[DATA EXTRACTS — start]

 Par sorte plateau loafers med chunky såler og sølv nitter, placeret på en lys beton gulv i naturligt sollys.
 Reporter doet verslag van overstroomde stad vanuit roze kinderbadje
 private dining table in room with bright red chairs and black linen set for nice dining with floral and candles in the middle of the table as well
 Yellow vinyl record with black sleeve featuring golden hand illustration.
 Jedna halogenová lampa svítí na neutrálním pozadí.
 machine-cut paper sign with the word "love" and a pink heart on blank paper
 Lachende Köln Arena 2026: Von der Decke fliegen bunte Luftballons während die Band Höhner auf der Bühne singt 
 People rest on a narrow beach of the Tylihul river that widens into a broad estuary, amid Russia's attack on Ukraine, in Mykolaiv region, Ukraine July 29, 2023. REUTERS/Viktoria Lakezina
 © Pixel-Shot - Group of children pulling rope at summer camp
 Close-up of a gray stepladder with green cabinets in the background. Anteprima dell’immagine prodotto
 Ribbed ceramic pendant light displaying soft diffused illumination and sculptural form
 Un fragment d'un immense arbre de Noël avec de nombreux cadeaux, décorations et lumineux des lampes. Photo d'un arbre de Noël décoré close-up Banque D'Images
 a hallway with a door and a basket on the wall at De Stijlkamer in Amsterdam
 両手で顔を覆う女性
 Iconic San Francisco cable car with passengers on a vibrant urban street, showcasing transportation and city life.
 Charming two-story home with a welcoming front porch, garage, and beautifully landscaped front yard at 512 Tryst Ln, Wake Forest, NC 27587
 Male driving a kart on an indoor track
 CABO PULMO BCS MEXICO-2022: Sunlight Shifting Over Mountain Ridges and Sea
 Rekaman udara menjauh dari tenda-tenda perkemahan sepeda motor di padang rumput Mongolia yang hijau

[DATA EXTRACTS — finish]

* [WORK ORDER]:
Among the lines of the listing above, which ones contain the word "black"? Show them.

* [EXERCISE SOLUTION]:
 private dining table in room with bright red chairs and black linen set for nice dining with floral and candles in the middle of the table as well
 Yellow vinyl record with black sleeve featuring golden hand illustration.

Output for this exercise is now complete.